他目光挑剔。学数学的人思维缜密,容不得逻辑错误。而大脑科学自身的发展,就是由外而内地盲人摸象,谁都无法一下子触摸到大脑的本质。皮层厚薄、脑容量大小、脑白质修剪、胶质细胞的作用、神经回路连接与功能、海马区变化与退行性病变……摸到哪里,哪里都独具魅力,但无法连点成线,乃至面面俱到。所以,他刚入行时很困惑,看哪里都是漏洞,无法自圆其说。
他挑战权威。无处下嘴的感觉虽然让人沮丧,但既然是学数学的,就从数据入手吧。他首先发现了国际大牛、此次当选OHBM理事主席的美国文思(音译)教授的“独立成分分析算法”有问题,相关软件用来处理多人脑成像数据时,竟然“会依赖数据输入顺序”。初出茅庐,他大胆在2009年OHBM年会上挑战权威,用数学方法证明了这个缺陷。文思实验室虚心对算法做出改进。不打不相识,二人结下深厚的学术友谊。
他做事专一。他反复说,十年来就做了两件事,一是反复比较,找到“靠谱的脑成像工具,整合起全球36个国际机构的1万余个大脑样本,建立了“国际信度与可重复性联盟”;二是基于这些脑成像方法,绘制了人脑连接组毕生发展轨线,提出了“人脑毕生发展连接组学”。

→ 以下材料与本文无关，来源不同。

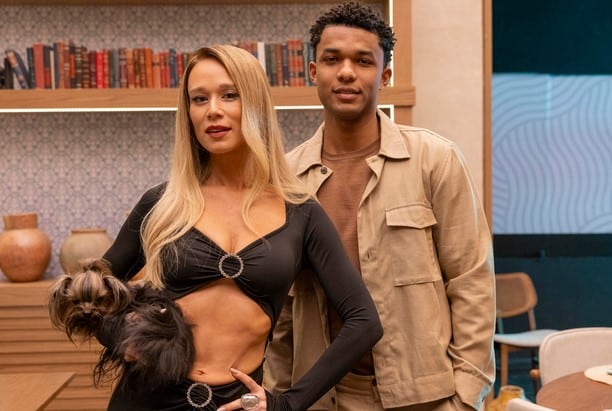 Mariana Ximenes entra na novela das 19h para infernizar personagem de Juan Paiva (Foto: Reprodução / Globo)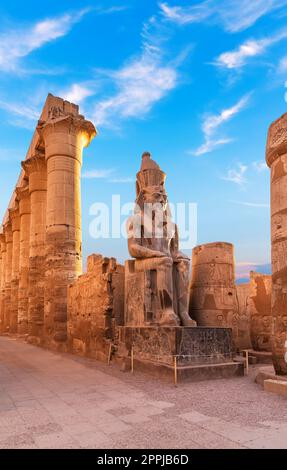 Statua seduta di Ramesse II dal primo pilone del Tempio di Luxor, Egitto Foto Stock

他合纵连横。身为“外行”,反而可以抛开生命科学的从零做起,直接从数据着眼,结果发现,可做的事还真不少。简而言之,人类大脑的事需要全人类来做,凭哪个国家一己之力肯定不行,样本量少不说,可重复性验证能力也不足。怎么办?先把大家拽到一个平台上吧!发起“国际信度和可重复性联盟”,就是完成这个使命的第一步。
日本人金出武雄的《像外行一样思考,像专家一样实践——科研成功之道》中,讲的就是这样的道理:数学等基础科学,可以支撑其他前沿学科研究;不要迷信所谓业界权威,目光如炬的你,可能就是游入沙丁鱼群的鲶鱼;别天天盯着发论文,一篇文章独步天下,含金量也可以很高;亚洲人并非总是配角,主导发起大科学工程计划,要敢想,更要敢做。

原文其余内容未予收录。